** Opening Supplied records block **
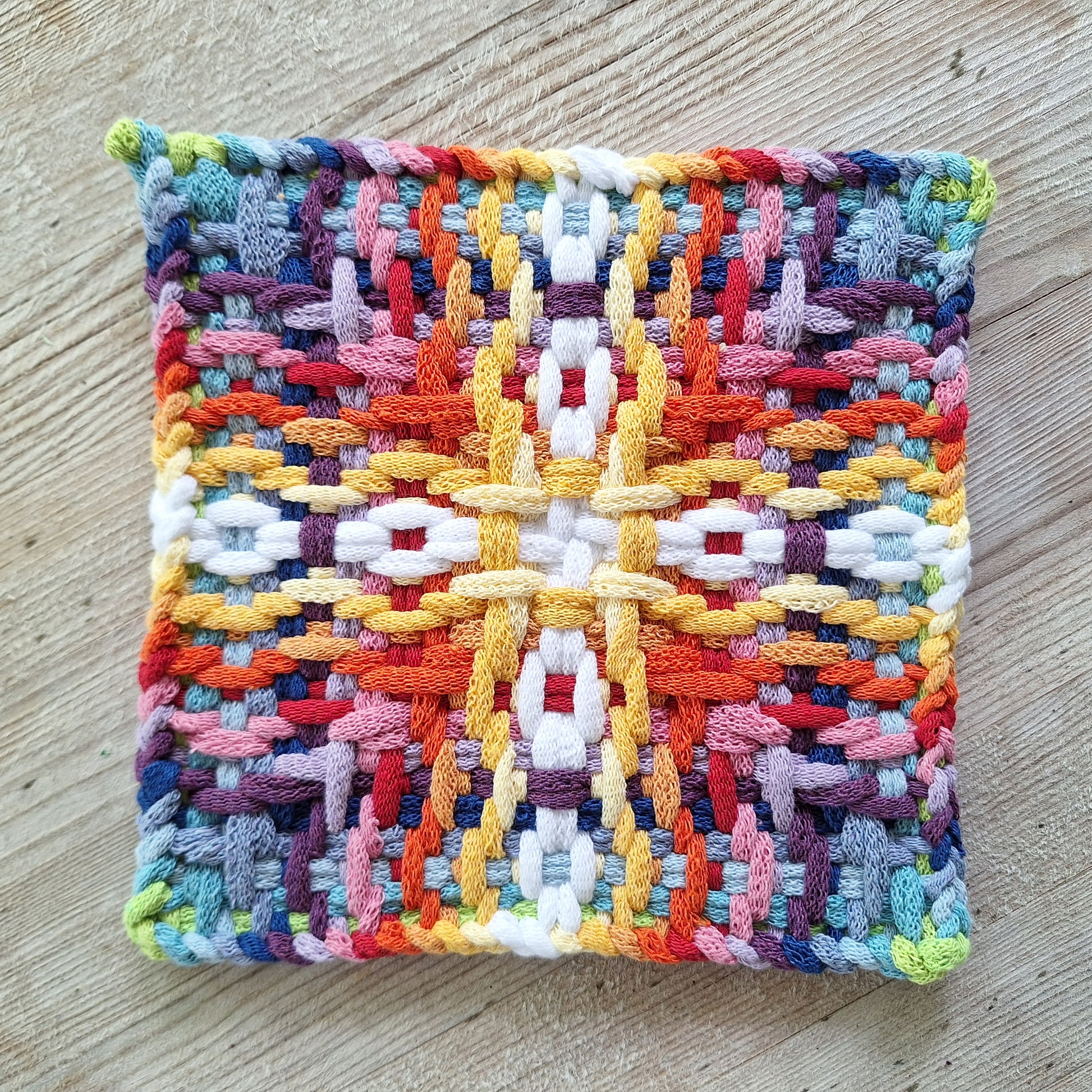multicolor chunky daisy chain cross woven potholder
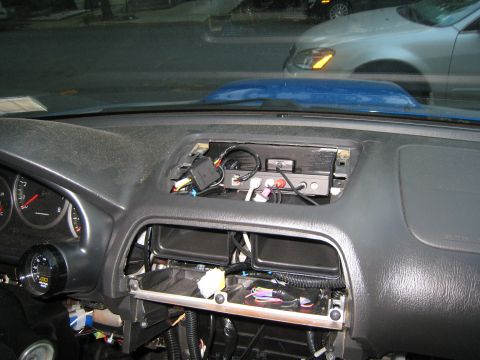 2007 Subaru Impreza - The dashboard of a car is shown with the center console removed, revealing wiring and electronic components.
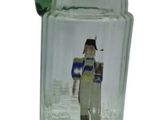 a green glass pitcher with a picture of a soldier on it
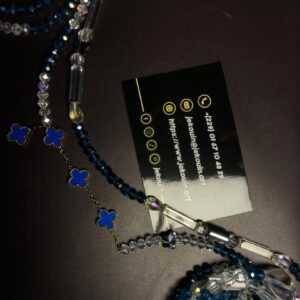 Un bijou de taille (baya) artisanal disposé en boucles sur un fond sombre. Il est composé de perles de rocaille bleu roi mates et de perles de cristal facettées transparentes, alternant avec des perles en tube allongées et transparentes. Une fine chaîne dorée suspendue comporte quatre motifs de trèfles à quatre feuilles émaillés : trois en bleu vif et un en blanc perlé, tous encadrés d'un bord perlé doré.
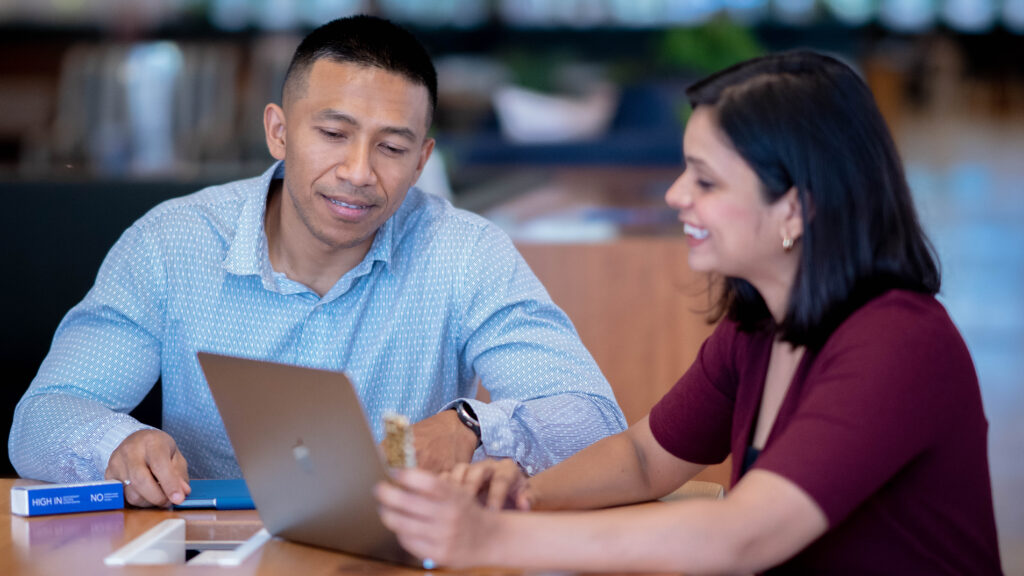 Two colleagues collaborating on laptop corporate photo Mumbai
** Closing Supplied records block **
* **What you have to do**
Where an entry contains an image, skip the image; repeat everything else exactly.

* **Response**
multicolor chunky daisy chain cross woven potholder
 2007 Subaru Impreza - The dashboard of a car is shown with the center console removed, revealing wiring and electronic components.
 a green glass pitcher with a picture of a soldier on it
 Un bijou de taille (baya) artisanal disposé en boucles sur un fond sombre. Il est composé de perles de rocaille bleu roi mates et de perles de cristal facettées transparentes, alternant avec des perles en tube allongées et transparentes. Une fine chaîne dorée suspendue comporte quatre motifs de trèfles à quatre feuilles émaillés : trois en bleu vif et un en blanc perlé, tous encadrés d'un bord perlé doré.
 Two colleagues collaborating on laptop corporate photo Mumbai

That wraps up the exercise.